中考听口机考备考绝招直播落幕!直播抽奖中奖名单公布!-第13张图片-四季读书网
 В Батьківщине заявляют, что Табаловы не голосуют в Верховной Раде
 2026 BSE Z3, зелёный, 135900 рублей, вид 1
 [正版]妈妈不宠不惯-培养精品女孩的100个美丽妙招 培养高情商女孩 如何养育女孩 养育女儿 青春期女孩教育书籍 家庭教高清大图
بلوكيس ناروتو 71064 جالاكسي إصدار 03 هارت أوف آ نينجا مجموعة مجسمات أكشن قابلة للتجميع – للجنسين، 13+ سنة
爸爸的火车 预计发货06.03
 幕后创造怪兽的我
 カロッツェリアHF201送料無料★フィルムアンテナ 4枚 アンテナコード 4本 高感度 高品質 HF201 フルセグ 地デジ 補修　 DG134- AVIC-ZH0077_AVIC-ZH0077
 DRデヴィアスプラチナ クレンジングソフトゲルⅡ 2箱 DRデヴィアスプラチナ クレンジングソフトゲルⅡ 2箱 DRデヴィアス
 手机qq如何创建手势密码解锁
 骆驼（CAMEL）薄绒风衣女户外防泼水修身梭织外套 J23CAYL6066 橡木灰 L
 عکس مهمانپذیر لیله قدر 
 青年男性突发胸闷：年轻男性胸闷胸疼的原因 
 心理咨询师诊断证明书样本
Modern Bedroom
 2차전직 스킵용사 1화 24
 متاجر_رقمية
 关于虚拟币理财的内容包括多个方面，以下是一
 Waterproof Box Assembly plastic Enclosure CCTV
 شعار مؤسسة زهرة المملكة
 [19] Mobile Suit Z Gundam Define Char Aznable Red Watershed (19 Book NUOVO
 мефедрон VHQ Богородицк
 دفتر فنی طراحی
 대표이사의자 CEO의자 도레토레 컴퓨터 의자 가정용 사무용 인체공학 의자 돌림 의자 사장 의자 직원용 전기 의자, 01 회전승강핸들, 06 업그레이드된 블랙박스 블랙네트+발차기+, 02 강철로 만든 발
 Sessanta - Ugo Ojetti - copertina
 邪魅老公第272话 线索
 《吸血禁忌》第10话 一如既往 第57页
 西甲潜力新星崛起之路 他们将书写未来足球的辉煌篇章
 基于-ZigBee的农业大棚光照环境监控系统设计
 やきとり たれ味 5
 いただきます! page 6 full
---*---
> [Problem details] An exact transcription of all the records is needed.

> [Solution to the problem]
中考听口机考备考绝招直播落幕!直播抽奖中奖名单公布!-第13张图片-四季读书网
 В Батьківщине заявляют, что Табаловы не голосуют в Верховной Раде
 2026 BSE Z3, зелёный, 135900 рублей, вид 1
 [正版]妈妈不宠不惯-培养精品女孩的100个美丽妙招 培养高情商女孩 如何养育女孩 养育女儿 青春期女孩教育书籍 家庭教高清大图
بلوكيس ناروتو 71064 جالاكسي إصدار 03 هارت أوف آ نينجا مجموعة مجسمات أكشن قابلة للتجميع – للجنسين، 13+ سنة
爸爸的火车 预计发货06.03
 幕后创造怪兽的我
 カロッツェリアHF201送料無料★フィルムアンテナ 4枚 アンテナコード 4本 高感度 高品質 HF201 フルセグ 地デジ 補修　 DG134- AVIC-ZH0077_AVIC-ZH0077
 DRデヴィアスプラチナ クレンジングソフトゲルⅡ 2箱 DRデヴィアスプラチナ クレンジングソフトゲルⅡ 2箱 DRデヴィアス
 手机qq如何创建手势密码解锁
 骆驼（CAMEL）薄绒风衣女户外防泼水修身梭织外套 J23CAYL6066 橡木灰 L
 عکس مهمانپذیر لیله قدر 
 青年男性突发胸闷：年轻男性胸闷胸疼的原因 
 心理咨询师诊断证明书样本
Modern Bedroom
 2차전직 스킵용사 1화 24
 متاجر_رقمية
 关于虚拟币理财的内容包括多个方面，以下是一
 Waterproof Box Assembly plastic Enclosure CCTV
 شعار مؤسسة زهرة المملكة
 [19] Mobile Suit Z Gundam Define Char Aznable Red Watershed (19 Book NUOVO
 мефедрон VHQ Богородицк
 دفتر فنی طراحی
 대표이사의자 CEO의자 도레토레 컴퓨터 의자 가정용 사무용 인체공학 의자 돌림 의자 사장 의자 직원용 전기 의자, 01 회전승강핸들, 06 업그레이드된 블랙박스 블랙네트+발차기+, 02 강철로 만든 발
 Sessanta - Ugo Ojetti - copertina
 邪魅老公第272话 线索
 《吸血禁忌》第10话 一如既往 第57页
 西甲潜力新星崛起之路 他们将书写未来足球的辉煌篇章
 基于-ZigBee的农业大棚光照环境监控系统设计
 やきとり たれ味 5
 いただきます! page 6 full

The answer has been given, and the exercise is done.